TASK DETAILS » Tally up every line in the records beneath that has "online", and write down only the total.

━━━━━━

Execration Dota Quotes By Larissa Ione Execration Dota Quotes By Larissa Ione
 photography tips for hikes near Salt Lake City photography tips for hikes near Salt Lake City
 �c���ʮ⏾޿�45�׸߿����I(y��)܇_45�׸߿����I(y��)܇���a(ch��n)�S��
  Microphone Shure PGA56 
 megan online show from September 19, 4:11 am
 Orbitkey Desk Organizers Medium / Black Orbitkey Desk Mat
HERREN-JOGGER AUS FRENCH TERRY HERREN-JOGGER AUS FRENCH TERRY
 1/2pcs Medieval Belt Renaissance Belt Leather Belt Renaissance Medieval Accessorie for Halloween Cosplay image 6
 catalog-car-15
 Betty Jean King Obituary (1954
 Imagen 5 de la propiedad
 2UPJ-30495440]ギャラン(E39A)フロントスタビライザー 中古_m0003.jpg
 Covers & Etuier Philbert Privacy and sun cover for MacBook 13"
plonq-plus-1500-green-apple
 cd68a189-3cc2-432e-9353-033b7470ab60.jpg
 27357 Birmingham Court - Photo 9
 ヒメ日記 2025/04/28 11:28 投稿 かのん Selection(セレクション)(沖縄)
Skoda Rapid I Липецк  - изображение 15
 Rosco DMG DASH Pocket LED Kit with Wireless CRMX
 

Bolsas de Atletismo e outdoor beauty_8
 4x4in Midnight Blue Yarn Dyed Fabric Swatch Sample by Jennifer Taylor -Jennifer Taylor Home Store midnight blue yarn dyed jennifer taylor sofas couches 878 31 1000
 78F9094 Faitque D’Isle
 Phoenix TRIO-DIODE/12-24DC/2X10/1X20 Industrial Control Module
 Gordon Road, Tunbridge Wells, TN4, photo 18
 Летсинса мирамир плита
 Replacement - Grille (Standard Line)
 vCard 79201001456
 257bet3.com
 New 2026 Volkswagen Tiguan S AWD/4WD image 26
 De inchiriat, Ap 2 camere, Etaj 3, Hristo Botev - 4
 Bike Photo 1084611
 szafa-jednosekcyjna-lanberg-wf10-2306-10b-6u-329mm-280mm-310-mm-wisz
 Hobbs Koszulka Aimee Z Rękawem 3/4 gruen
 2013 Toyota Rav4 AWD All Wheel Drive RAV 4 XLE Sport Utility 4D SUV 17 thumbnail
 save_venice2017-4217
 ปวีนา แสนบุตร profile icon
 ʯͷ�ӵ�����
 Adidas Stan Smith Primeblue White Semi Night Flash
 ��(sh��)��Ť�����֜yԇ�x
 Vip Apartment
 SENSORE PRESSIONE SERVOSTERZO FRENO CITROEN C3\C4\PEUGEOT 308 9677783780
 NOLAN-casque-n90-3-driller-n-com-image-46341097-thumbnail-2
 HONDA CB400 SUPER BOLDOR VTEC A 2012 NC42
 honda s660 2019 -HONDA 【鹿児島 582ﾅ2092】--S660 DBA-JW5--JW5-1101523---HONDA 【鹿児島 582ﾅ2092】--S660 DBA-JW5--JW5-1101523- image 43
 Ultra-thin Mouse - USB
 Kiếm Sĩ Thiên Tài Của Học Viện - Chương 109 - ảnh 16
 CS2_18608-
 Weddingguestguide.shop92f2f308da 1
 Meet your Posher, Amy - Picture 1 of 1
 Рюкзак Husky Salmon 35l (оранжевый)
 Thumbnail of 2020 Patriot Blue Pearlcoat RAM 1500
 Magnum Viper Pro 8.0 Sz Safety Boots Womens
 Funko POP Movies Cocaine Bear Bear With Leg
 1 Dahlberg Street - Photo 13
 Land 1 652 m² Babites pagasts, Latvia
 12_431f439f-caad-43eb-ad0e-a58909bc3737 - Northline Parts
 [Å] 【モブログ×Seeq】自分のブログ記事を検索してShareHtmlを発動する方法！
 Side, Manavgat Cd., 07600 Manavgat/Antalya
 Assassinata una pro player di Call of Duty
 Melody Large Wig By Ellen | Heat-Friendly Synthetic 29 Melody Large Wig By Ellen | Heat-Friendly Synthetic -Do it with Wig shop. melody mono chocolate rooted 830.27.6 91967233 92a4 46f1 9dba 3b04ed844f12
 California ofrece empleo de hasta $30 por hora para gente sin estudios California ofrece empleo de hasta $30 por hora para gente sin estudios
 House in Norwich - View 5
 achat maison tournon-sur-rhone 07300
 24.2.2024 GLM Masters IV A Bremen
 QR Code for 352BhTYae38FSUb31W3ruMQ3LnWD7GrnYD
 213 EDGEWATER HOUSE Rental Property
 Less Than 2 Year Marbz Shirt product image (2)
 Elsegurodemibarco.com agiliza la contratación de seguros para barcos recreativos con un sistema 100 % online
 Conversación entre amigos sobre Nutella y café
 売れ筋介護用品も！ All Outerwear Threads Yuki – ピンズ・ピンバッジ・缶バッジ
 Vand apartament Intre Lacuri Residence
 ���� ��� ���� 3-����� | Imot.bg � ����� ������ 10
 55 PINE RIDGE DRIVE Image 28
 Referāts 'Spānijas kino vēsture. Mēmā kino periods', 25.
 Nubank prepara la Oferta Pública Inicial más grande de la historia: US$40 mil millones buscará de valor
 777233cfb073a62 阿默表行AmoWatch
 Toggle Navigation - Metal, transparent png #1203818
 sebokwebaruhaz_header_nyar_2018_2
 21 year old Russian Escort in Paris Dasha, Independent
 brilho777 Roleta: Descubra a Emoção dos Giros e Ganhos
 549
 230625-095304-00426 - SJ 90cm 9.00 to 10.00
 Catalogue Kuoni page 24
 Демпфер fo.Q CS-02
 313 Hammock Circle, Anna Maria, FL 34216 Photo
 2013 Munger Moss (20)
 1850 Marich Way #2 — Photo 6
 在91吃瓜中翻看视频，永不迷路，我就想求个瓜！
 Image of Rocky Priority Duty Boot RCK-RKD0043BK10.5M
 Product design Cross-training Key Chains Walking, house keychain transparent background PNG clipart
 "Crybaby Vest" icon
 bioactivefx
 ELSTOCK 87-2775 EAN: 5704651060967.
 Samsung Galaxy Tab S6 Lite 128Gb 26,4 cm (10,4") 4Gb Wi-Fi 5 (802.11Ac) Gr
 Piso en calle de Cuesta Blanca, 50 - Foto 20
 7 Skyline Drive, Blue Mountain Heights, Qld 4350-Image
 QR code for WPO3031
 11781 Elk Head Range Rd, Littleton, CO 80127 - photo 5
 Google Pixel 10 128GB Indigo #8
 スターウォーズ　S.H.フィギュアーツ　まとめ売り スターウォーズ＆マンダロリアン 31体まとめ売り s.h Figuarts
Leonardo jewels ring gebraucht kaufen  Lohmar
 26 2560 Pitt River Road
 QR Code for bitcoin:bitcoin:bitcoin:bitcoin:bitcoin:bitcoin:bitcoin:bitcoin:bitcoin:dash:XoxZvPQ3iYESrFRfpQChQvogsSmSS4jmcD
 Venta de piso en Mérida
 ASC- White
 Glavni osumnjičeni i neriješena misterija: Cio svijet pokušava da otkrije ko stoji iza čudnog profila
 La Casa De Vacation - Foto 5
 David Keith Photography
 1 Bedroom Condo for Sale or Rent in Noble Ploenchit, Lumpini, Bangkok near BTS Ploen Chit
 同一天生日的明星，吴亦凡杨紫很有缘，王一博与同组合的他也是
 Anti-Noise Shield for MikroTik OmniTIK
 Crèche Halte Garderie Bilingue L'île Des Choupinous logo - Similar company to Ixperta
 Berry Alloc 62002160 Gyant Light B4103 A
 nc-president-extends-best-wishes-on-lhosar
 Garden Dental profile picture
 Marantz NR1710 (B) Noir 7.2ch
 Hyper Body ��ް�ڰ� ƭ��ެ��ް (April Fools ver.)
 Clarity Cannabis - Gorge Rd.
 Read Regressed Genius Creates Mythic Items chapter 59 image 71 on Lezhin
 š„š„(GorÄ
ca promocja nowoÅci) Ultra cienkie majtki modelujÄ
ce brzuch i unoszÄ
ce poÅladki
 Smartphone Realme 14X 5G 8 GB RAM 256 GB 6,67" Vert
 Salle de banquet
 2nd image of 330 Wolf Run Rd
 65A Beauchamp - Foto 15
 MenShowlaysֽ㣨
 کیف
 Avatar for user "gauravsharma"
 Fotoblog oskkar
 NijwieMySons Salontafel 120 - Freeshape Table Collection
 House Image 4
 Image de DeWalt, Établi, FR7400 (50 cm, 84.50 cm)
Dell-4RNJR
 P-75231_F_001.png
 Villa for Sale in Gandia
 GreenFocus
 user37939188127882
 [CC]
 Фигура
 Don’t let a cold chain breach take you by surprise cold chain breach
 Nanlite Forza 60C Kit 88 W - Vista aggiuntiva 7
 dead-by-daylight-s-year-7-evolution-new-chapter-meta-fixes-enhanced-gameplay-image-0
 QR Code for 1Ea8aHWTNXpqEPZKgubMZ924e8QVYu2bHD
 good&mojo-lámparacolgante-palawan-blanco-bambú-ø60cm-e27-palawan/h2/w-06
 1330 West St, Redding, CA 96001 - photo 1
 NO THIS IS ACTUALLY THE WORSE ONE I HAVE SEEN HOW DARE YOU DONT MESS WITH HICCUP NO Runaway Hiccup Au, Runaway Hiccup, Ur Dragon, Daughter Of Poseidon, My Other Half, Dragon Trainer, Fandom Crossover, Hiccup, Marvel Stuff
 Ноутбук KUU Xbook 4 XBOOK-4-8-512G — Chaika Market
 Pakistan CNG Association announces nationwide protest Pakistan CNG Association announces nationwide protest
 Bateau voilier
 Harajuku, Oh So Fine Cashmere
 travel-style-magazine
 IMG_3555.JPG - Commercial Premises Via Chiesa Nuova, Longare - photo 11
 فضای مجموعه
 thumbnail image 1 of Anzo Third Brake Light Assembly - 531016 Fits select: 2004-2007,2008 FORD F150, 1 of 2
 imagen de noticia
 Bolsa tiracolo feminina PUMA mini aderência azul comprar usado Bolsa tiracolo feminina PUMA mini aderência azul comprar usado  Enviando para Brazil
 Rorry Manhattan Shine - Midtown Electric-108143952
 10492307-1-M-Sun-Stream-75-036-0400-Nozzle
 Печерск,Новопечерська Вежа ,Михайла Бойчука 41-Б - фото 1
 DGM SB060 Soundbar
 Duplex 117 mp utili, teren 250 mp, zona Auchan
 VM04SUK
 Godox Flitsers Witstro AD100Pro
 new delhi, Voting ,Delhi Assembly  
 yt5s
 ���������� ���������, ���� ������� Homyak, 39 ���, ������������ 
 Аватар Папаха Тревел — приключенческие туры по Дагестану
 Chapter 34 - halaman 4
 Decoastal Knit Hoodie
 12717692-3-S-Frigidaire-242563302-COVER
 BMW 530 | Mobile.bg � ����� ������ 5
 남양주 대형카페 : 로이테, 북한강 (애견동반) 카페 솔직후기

━━━━━━

PROBLEM SOLUTION » 2